Risk Management: The program and supporting processes to manage information security risk to organizational operations (including mission, functions, image, reputation), organizational assets, individuals, other organizations, and the Nation, and includes: (i) establishing the context for risk-related activities; (ii) assessing risk; (iii) responding to risk once determined; and (iv) monitoring risk over time.

Risk Management Framework (RMF): A six-step process created by the National Institute of Standards and Technology, detailed in NIST Special Publication 800-37: Guide for Applying the Risk Management Framework to Federal Information Systems.

Risk Mitigation: Prioritizing, evaluating, and implementing the appropriate risk-reducing controls/countermeasures recommended from the risk management process.

SSP: See System Security Plan

Security Assessment Report (SAR): This deliverable is one of three key documents in the security authorization package developed for authorizing officials.
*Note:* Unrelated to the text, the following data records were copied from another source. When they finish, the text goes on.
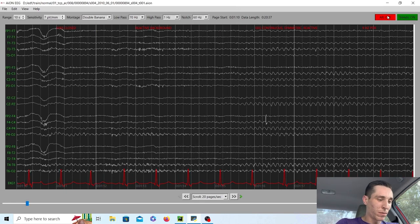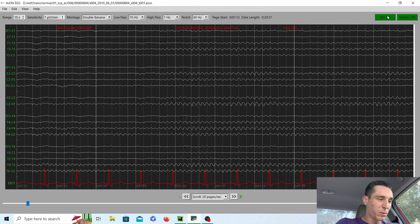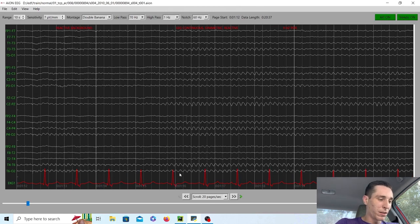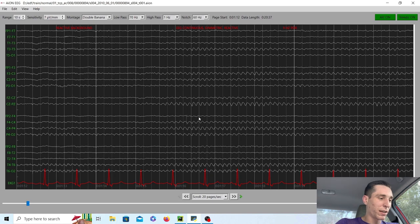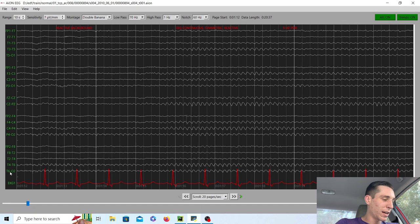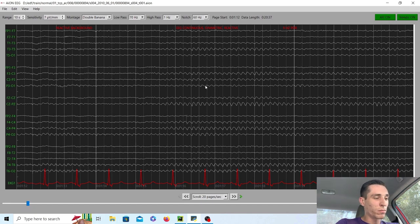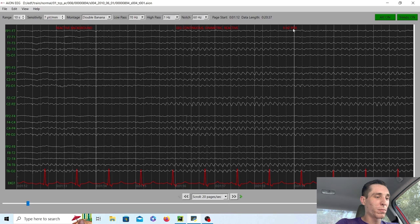Now, how many waves per second is the background? Well, if you count it, you'll end up seeing nine waves per second on both the left and the right side and the back of the head. O1 and O2, both of those, that's where you're going to want to count the posterior dominant rhythm or the PDR.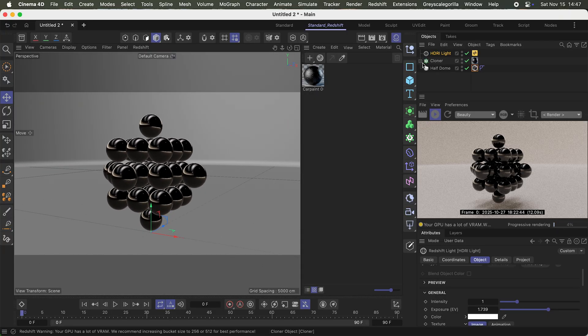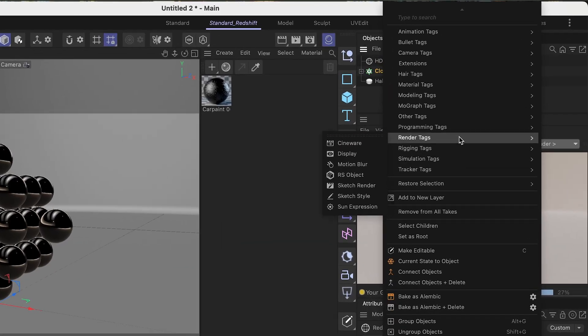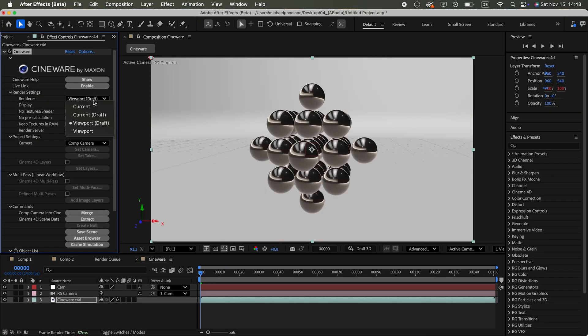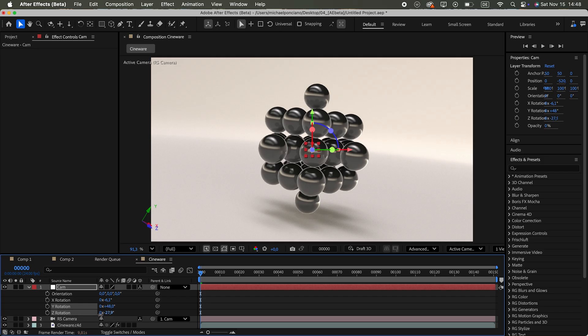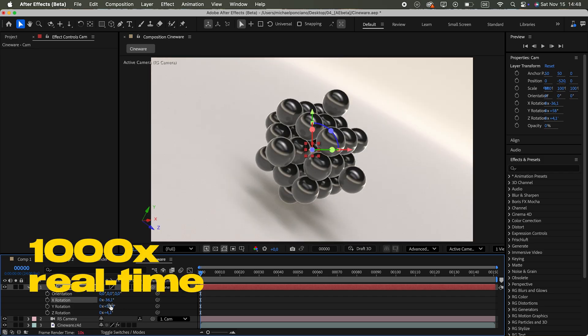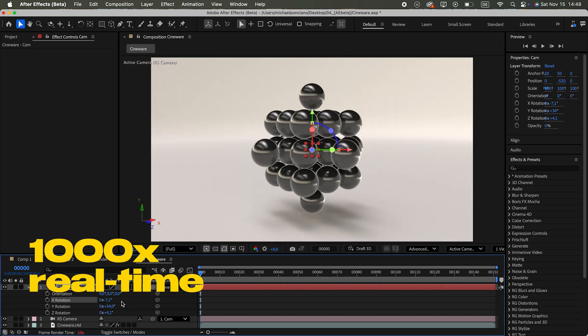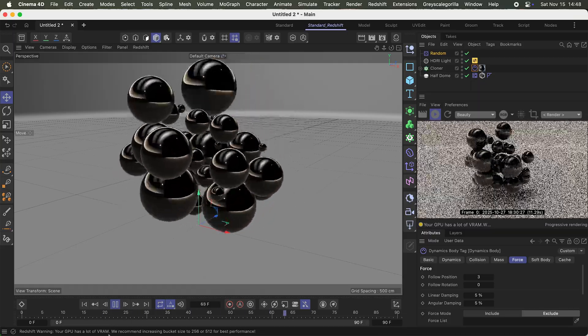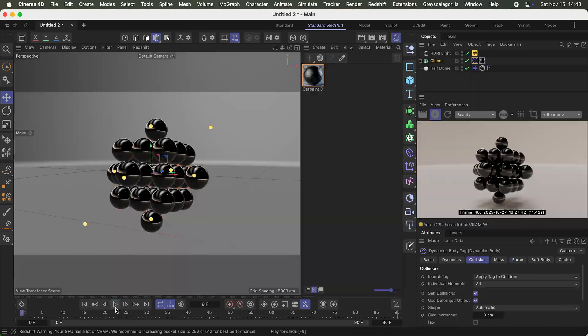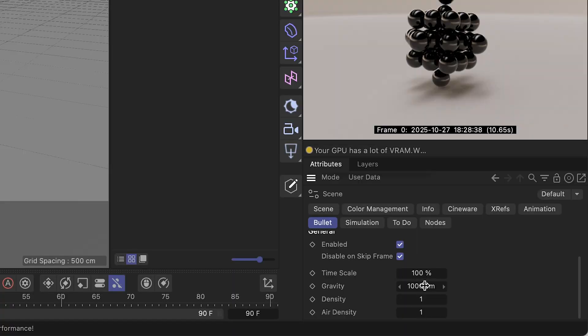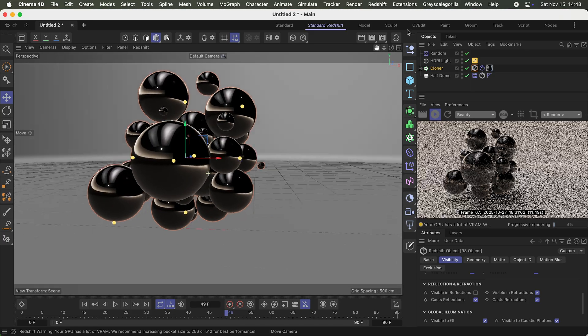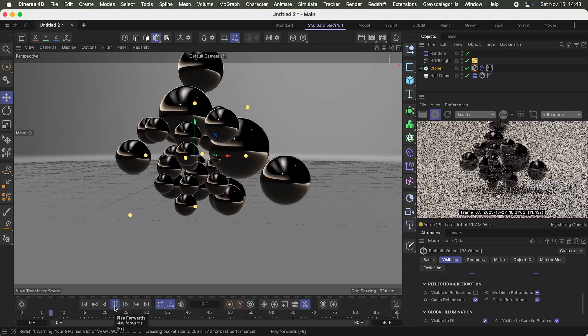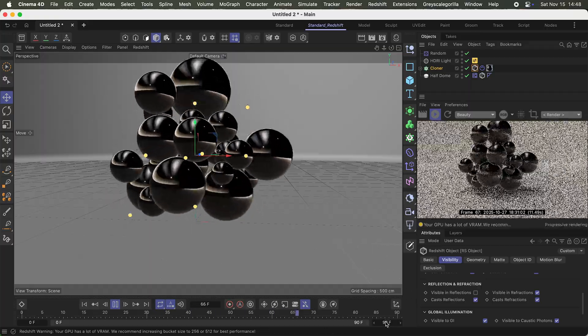Cinema 4D has an advantage here, because of Cineware. It can show the final look, but honestly, it's sluggish. And I wanted to avoid constant round-tripping between both apps. The scene itself is really simple. Procedurally animated spheres with physics, but gravity turned off. And I kept After Effects limitations in mind. Just basic primitives, no fancy stuff.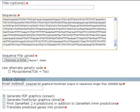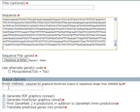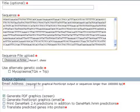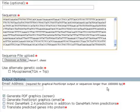From the output options section you can enter our email address here. They say that it's only required for graphical postscript outputs or sequences longer than one million base pairs.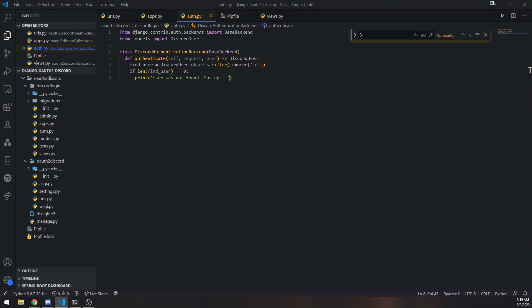That's pretty much it for this video. I wanted to show you how to set up custom authentication. In the next video we'll actually save the user to the database, which will require us to use a custom manager. See you guys in that video.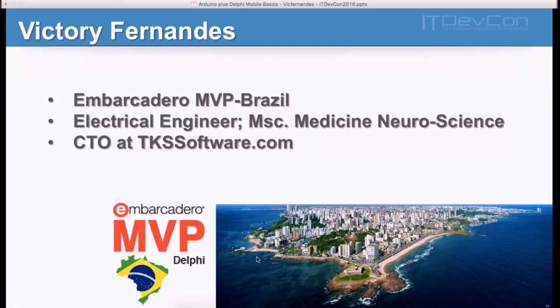I'm an Embarcadero MVP in Brazil. I'm also an electrical engineer with a master's degree in Medicine Neuroscience, working as a CTO at TKSsoftware.com. I live in Salvador, Bahia, which is a very nice place to live and be.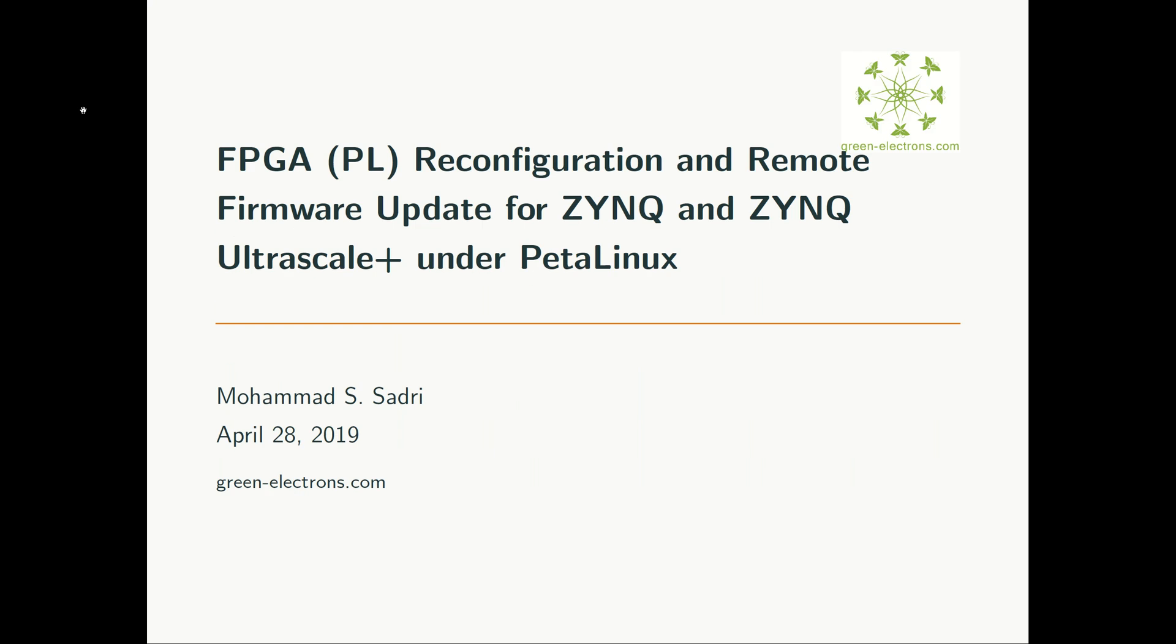Hello guys, how are you doing? I'm Ahmad Sadri. The title of this video is FPGA, or let's say PL reconfiguration and remote firmware update for ZYNQ and ZYNQ UltraScale+ under PetaLinux.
The assessment report includes information from the assessor/auditor that is necessary to determine the effectiveness of the security controls employed within or inherited bythe information system based upon the assessor’s findings.

Security Control: A safeguard or countermeasure prescribed for an information system or an organization designed to protect the confidentiality, integrity, and availability of its information and to meet a set of defined security requirements.

System Owner (SO): Official responsible for the overall procurement, development, integration, modification, or operation and maintenance of an information system.

System Security Plan (SSP): Formal document that provides an overview of the security requirements for an information system and describes the security controls in place or planned for meeting those requirements.

Threat: Any circumstance or event with the potential to adversely impact organizationaloperations (including mission, functions, image, or reputation), organizational assets, individuals, other organizations, or the Nation through an information system via unauthorized access, destruction, disclosure, modification of information, and/or denial of service.